Ludwig Rullmann (1765 – c. 1822) was a German painter, engraver and lithographer.

Biography

Rullmann's ancestors came to Bremen from Göttingen, where his father, Jacob Ferdinand Rullmann (1774–1828), received civil rights in 1763 and worked as a shoemaker and as a church servant at Bremen Cathedral. His younger sister was the poetess and writer Elise Reindahl.[1]

He attended the Latin School in Bremen, where he presumably received his first training in drawing.

His artistic talent was already evident at a young age, as his youthful self-portrait from the years between 1780 and 1785 suggests. Probably at that time he came into contact with the Society Museum in Bremen and was given the opportunity to use the collection of the art cabinet there for study purposes.

From 1788, Rullmann studied at the Dresden Academy of Fine Arts with the help of a scholarship financed by Eltermann Kulenkamp and the aldermen Deneken and Iken. He practiced portrait drawing in particular with Anton Graff. In 1794, he returned to Bremen, where, according to the Bremischen Handlungs-Addreß-Calender, he worked as a "drawing master and engraver" and lived on the Domsheide.

In the following years he worked as a drawing teacher and portrait painter. Above all, he portrayed people from Bremen society. He also created numerous paintings. In 1801, he was a participant in the prize competition for fine artists in Weimar and had a brief correspondence with Johann Wolfgang von Goethe.
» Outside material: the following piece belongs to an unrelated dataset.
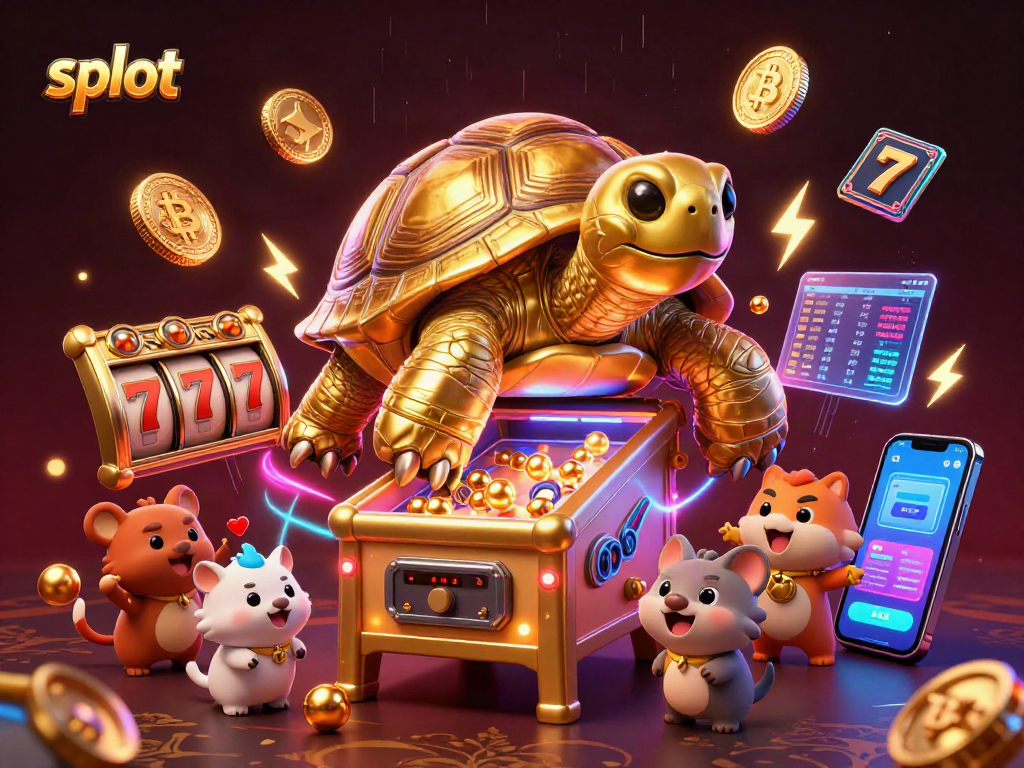 Spin the slot reels with golden tortoise in a vibrant casino scene filled with crypto elements.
Around 1804, he came into contact with the physician, writer and Goethe friend Nikolaus Meyer, for whose drama Kalloterpe he made illustrations.

After the death of his wife Elise, Rullmann went to Paris in 1805 or 1806; why he decided to take this step at the age of 40 and with a secure income is not known. According to Wilhelm Hurm, he worked in the studio of Jacques-Louis DavidNapoleon's court painter, among others.[2] From his time in Paris, various lithographs of actresses and actors for the magazine Carrier du Spectacle as well as a series of pictures on the Fualdès Affair, a judicial case that caused a great stir in France in 1817/18, are preserved.

From 1822, Rullmann's life is unknown, as no more works or news of him are preserved; he probably died in Paris.

The Archives of Paris holds in the files of the restored civil status a card indicating the death of a certain Louis Rullmann in Paris in the former 4th district on April 8, 1823.

After death, the National Archives in Paris kept an inventory "of Amadieu-Louis Rullmann, painter, living on rue de l'Arbre Sec, No. 46," made on July 12, 1823, study XVIII.

Most of his surviving œuvre is preserved in the Kunsthalle Bremen.

Notes

  1. Laudowicz, Edith (2016). "Reindahl, Anna Christina Elisabeth, gen. Elise, geb. Rullmann". In: Frauen Geschichte(n), Bremer Frauenmuseum, ed. Bremen: Edition Falkenberg.
  2. Hurm, Wilhelm (1892). Beschreibendes Verzeichnis der Gemälde und Bildhauerwerke des Kunstvereins zu Bremen. Bremen, p. 90.

References

  • Röver-Kann, Anne (2000). "Ludwig Rullmann. Idylle – Revolution – Restauration". In: Jörn Christiansen, ed., Kunst und Bürgerglanz in Bremen. Bremen: Hauschild Verlag, pp. 180–99.